## TASK BRIEF
Starting with the line that has "Bathroom of Single-family" and finishing with the line that has "Uang koin 25 rupiah 1996", set down each line below exactly. Pictures are not copied.

## EXTRACTED ENTRIES

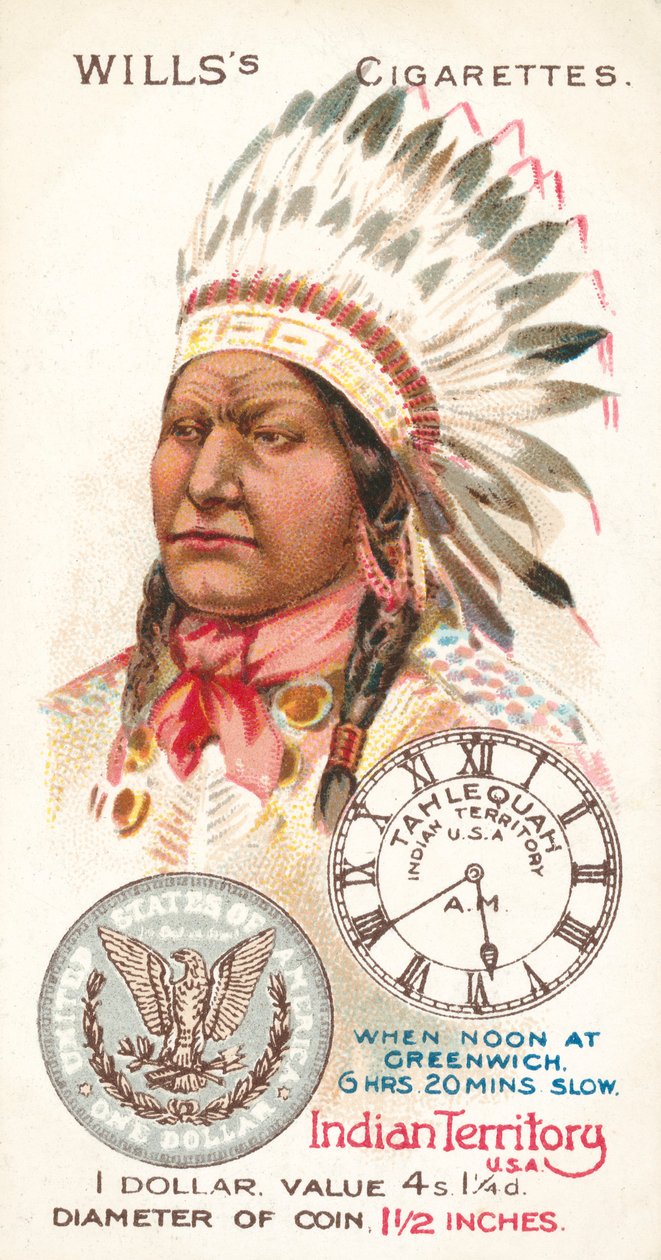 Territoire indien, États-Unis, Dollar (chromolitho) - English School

==

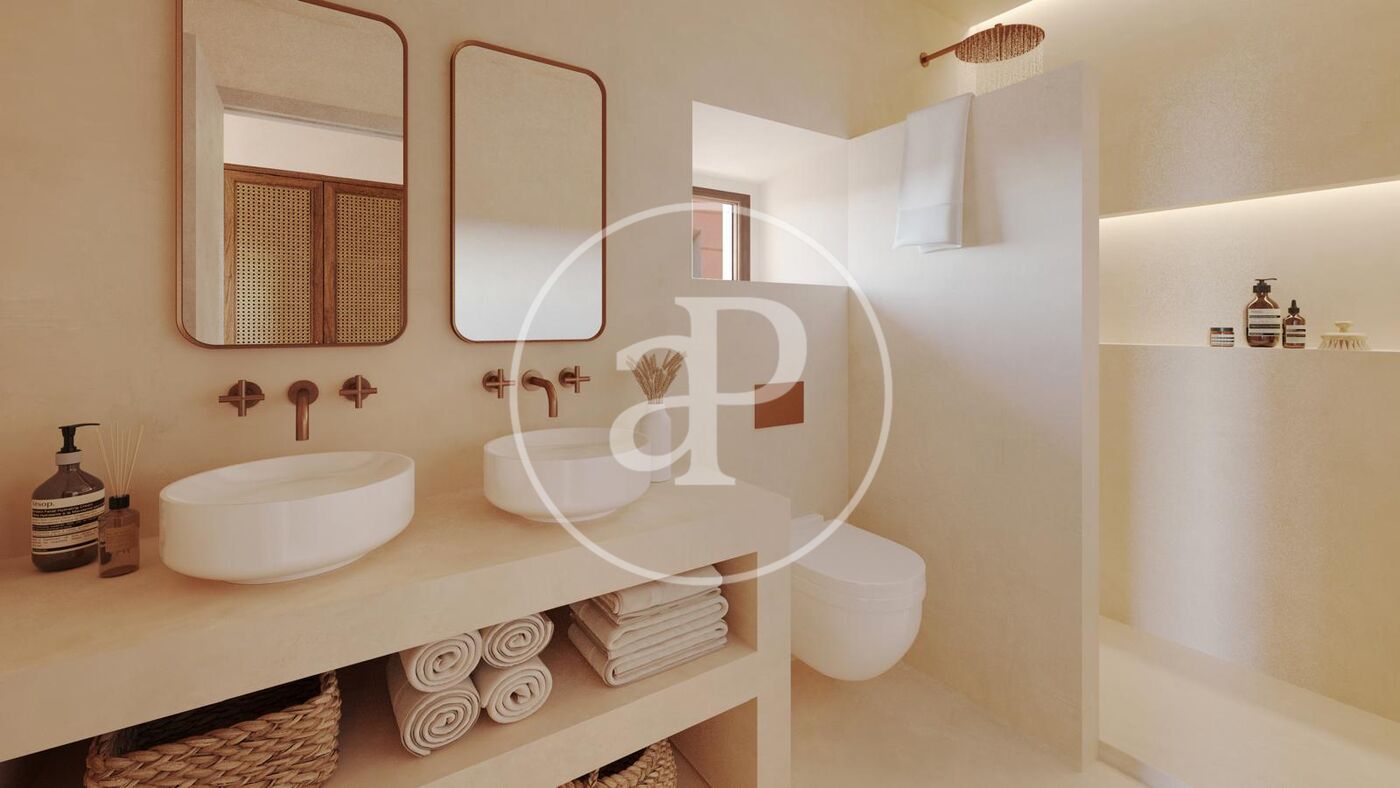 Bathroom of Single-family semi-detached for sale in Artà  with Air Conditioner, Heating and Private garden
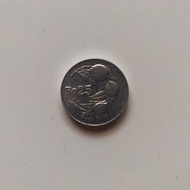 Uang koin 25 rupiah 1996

--

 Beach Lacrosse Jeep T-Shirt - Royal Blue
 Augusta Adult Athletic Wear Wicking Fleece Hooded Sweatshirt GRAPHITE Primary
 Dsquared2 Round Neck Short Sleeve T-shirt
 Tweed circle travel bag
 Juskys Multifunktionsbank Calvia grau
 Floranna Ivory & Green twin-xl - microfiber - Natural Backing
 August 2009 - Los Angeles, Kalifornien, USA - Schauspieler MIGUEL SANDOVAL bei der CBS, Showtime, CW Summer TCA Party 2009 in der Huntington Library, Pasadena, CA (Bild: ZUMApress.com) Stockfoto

## ANSWER BOX
 Bathroom of Single-family semi-detached for sale in Artà  with Air Conditioner, Heating and Private garden
 Uang koin 25 rupiah 1996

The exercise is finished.